I know I need to be careful, and the old clocks going forward tonight probably won’t help such matters. But things are faring well currently.
I like.

National Express

March 26, 2010

Today I embarked on my journey back north along the M1, to Robin Hood country.

As I set off, I prayed, as I always do. As I’d finished praying and I joined the M1, the rain began! To be fair, it wasn’t a bad journey, especially considering it’s Friday. It took about 3 hours from leaving LST to get home, including filling up with fuel in Watford on the way.
But one thing that really upset me was a National Express coach driver. Around Northampton area, I was overtaking a convoy of lorries, and thus was in the middle lane. There were three or four lorries on my left, cars ahead of me, and many cars in the right-hand lane. Oh, and did I mention the weather? I was trying to keep a sensible gap ahead of me, but most of the time other drivers would fill it for me… But essentially I had no where to go, other than keep up with the flow of traffic. Then the National Express coach pulls out behind me, also over taking the lorries. He was so close to the back of my car, I was actually scared. Like, inches away from me. I felt incredibly intimidated. And then, he starts flashing me, as if to say ‘get out of my way!’ As I said, I had no where to go! I couldn’t pull out into the right hand lane, there were too many cars! I couldn’t go faster than the car in front of me, and unlike the coach driver, I was leaving a gap. He got closer and closer, flashing me and flashing me. I felt so bullied. Eventually, a gap appeared in the right hand lane and I went for it; I just wanted to get out of the way of this coach! I got to Watford Gap services and had a little panic and called Dad.
I just don’t get it. Lorry drivers, on the whole are legends. I love lorry drivers! The majority of the time I’m doing a long journey, I almost feel protected by them. Wherever I can I let them out in front of me, on the grounds that they do similar at times when I’m joining a motorway.
I would have thought coach drivers would be the same? Apparently not. But then I remembered a couple of years ago when National Express coaches crashed at Newport Pagnell Services and on the M4.
I think I’m going to continue travelling on the train when I’m using public transport!
I’m left doubting my driving skills. But, I know I’m not a bad driver! (I even got the Miles per Gallon thingie to the highest it’s been certainly since Matthew crashed it, if not the highest we’ve got it?!)

Growing up

February 20, 2010

Today I went to Tesco on my own for the first time, err, possibly ever?

I felt all grown up, making decisions about what things I can buy that I’m allowed to eat. What treats that fit into that category and oooh, look, they’re on offer, too!

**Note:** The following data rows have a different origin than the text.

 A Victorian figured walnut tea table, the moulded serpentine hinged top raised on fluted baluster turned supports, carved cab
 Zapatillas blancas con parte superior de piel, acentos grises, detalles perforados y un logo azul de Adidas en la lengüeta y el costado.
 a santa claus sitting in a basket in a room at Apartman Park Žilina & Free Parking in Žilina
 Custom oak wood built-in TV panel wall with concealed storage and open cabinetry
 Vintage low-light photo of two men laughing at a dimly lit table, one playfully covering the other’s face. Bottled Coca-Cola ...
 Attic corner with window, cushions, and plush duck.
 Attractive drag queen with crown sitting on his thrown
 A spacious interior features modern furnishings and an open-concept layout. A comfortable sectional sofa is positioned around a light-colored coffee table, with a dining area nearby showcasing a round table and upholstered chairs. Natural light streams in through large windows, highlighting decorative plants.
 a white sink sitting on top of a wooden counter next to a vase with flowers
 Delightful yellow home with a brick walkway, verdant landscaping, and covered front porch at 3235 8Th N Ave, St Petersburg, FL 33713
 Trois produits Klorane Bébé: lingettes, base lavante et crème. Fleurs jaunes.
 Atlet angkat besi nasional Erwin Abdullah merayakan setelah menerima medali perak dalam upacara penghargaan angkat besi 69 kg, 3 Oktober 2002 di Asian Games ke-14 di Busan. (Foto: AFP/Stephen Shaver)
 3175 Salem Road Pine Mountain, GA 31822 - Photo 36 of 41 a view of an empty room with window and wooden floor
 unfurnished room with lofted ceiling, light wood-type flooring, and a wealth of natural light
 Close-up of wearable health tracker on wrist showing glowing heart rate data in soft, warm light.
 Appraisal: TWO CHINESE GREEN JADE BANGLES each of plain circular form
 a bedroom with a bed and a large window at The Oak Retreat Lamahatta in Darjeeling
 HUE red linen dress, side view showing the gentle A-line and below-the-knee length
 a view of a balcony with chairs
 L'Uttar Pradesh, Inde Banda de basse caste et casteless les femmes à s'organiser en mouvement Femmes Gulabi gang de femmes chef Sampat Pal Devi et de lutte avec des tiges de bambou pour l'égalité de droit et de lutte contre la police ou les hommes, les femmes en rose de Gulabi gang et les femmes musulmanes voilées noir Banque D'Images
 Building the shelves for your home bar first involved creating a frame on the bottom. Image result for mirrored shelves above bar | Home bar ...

I will soon be the proud owner of a Tesco clubcard, which makes me feel grown-up. I’m no longer relying on Mum’s Asda discount card, or limited to going when she can go.

It’s one of the first times I’ve driven when I wanted to go out, not because I have an appointment or somewhere to go. I felt free. I like this freedom.

But, I’m also scared of the responsibilities that come with it. It’s down to me to make sure the car (my parent’s car, which I have named Hexter) has enough fuel, oil and water, and the tyres are the right pressure. And I feel so far from home.

It would have been nice to go with someone to Tesco’s today. I need to work on asking people to spend time with me, to go for coffee, to not feel excluded just because no-one has thought to ask me specifically, and not to feel so self-conscious about the whole thing.

But for now, I feel all grown up and things… so I’m going to apply for a couple of jobs and do some work on BPG… cause that’s what mature people do, they get on with the task in hand.